2012 Banyuls Blanc Rivage.- 19,,00€
A blend of 70% Grenache Blanc to 30% Grenache Gris.  The Grneache Blanc is picked first.  Unusually, half of Olivier’s vineyards are white varieties.  Banyuls Blanc must be bottled within 36 months of the harvest. Light golden, quite a soft and peachy nose and palate.  For Olivier it is too young to be Banyuls Blanc, which should be a cross between freshnss and confit maturity.  However, it will develop in bottle.     

2004 Banyuls Grand Cru, André Magnères.  – 32.00€
Named after Olivier’s grandfather.  It is pure Grenache Noir. Grand Cru Banyuls requires a minimum of 30 months in barrel.   However, they bottled this 2004 in 2014.   They don’t make a grand cru every year; the same grapes could equally well be used for vin sec, though the grand cru usually comes from the same vineyard.     Kept in tiny barrels in the ambient temperature of the cellar.  Brick rim, and quite deep red in the middle.  Rounded palate with figs, mocha and liquorice and some dates and a hint of chocolate..   Very good balance, with a bite.  Ripe fruit as they pick at a potential of 15-16, so almost overripe.  The 2015 was still being picked at the end of September.  Really a lovely old tawny with a long finish.   Olivier didn’t know his grandfather, and this particular wine was made by his father, but he rightly very proud of it.  What a treat it was. 

Banyuls Blanc Rivage Ambré – 29.00€
Grenache Gris and Grenache Blanc, turning amber in colour as 20% is kept in barrel.  A mini solera of three levels.   It was begun in 1986 and the barrels have never been emptied.  Very smooth, with dry nutty fruit and a streak of tannin and acidity.  Quite powerful and intense.  I was allowed to choose a barrel at random to taste from.

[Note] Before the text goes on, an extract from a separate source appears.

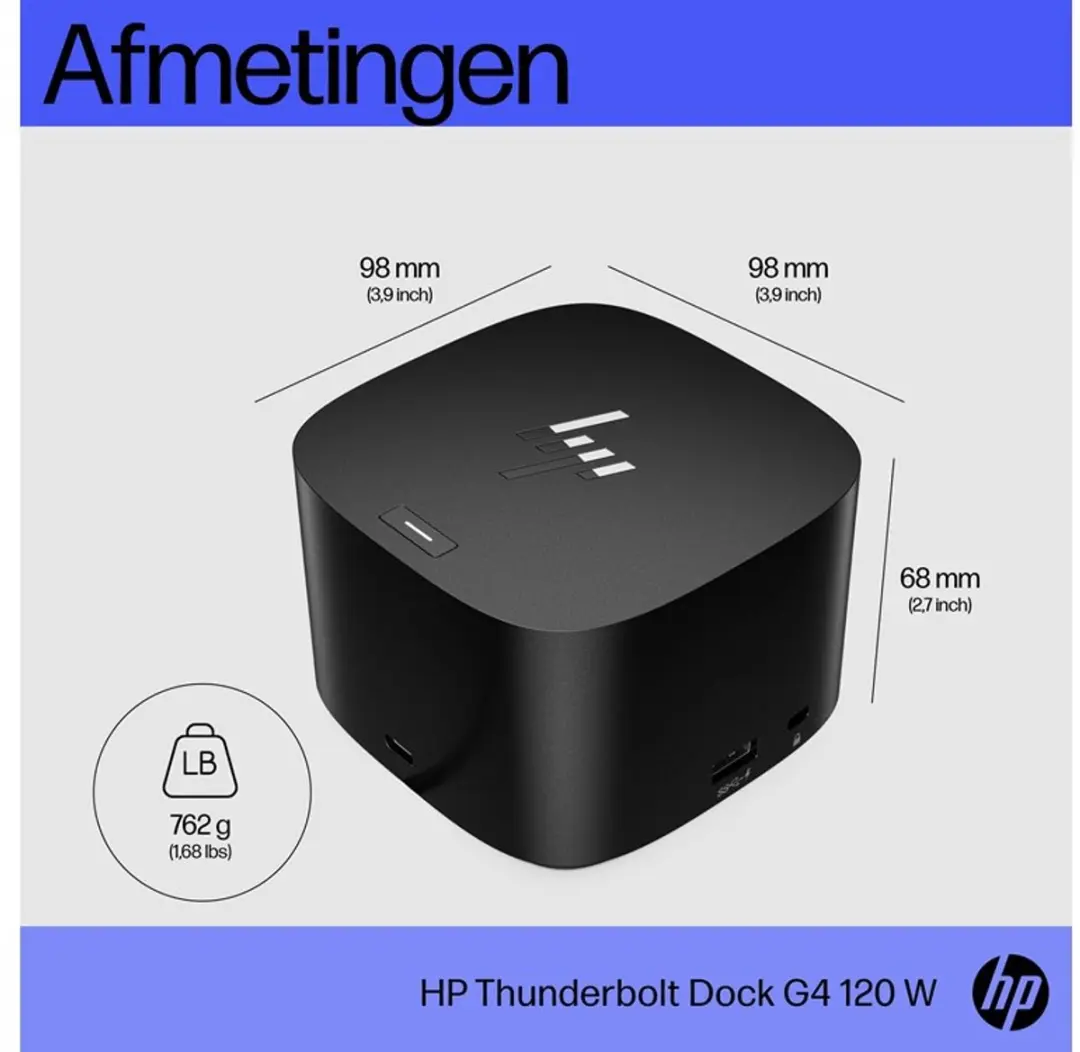 HP G4 Laptopdockingstation 4J0A2AA#ABB - 120W - Zwart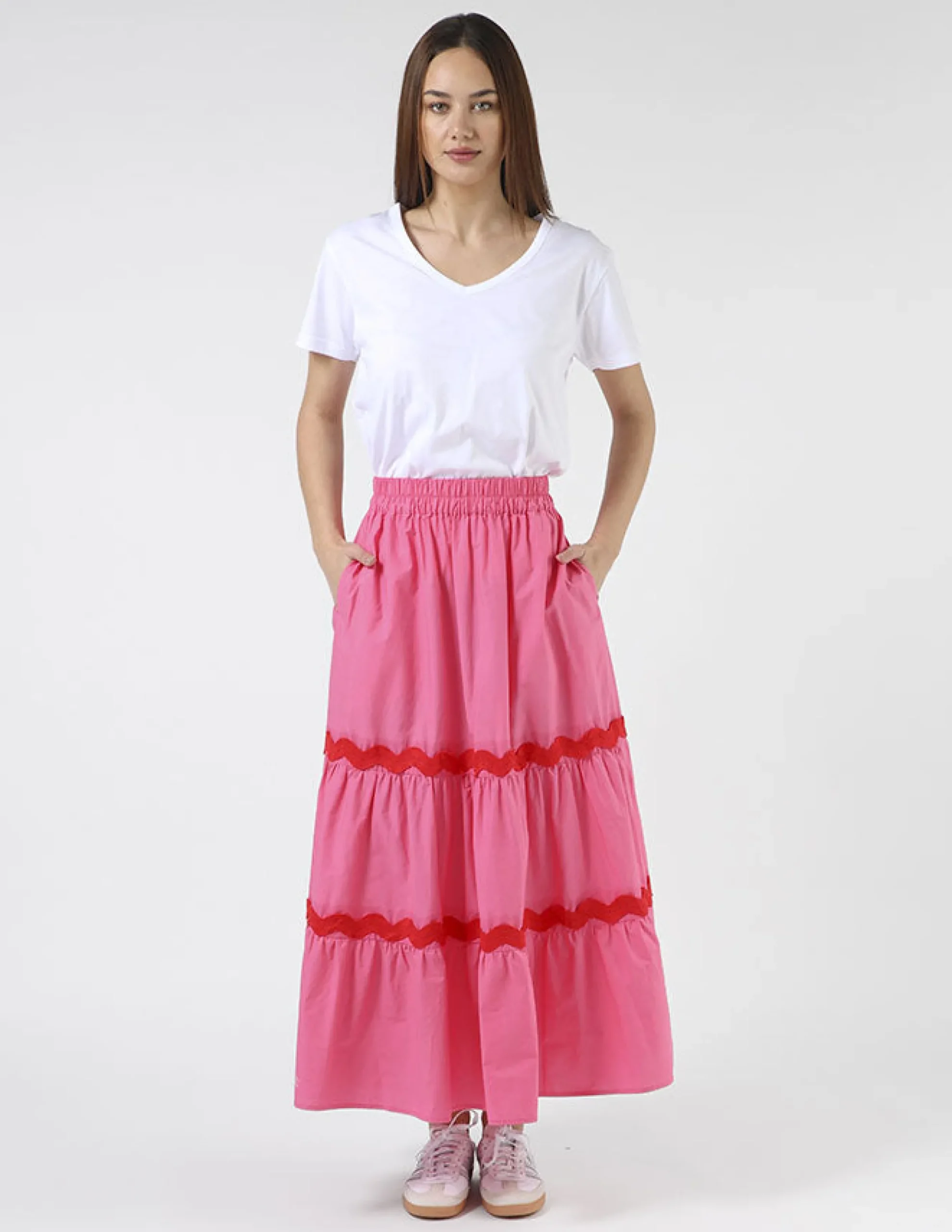 Rio Skirt - Strawberry Sunday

1988 Banyuls Rancio, Al Tragon – 49.00€
The name means just a few drops.  A striking Art Deco label,  Rancio.  Bottled in 2012, and now as needed.  1988 was the last vintage made by Olivier’s grandfather.   Light amber edge.  Light tawny colour.  Very dry firm fruit, dry liquorice and figs.  Very intense and concentrated.  And a grand finale.